═════ Records for the task ═════

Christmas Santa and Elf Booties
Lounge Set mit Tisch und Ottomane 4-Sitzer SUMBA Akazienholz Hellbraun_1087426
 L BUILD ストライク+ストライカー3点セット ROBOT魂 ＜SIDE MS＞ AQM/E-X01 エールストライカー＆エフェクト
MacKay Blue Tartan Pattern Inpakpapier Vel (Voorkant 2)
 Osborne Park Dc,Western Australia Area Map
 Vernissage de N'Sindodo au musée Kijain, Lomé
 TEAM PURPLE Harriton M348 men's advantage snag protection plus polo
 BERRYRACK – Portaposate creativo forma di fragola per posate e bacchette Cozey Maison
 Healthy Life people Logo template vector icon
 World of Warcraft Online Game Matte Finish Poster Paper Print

═════

Work instructions:
Return only this span, exactly: the line that contains "Healthy Life people" and all lines after it to the end of the records.

Solution for this exercise:
 Healthy Life people Logo template vector icon
 World of Warcraft Online Game Matte Finish Poster Paper Print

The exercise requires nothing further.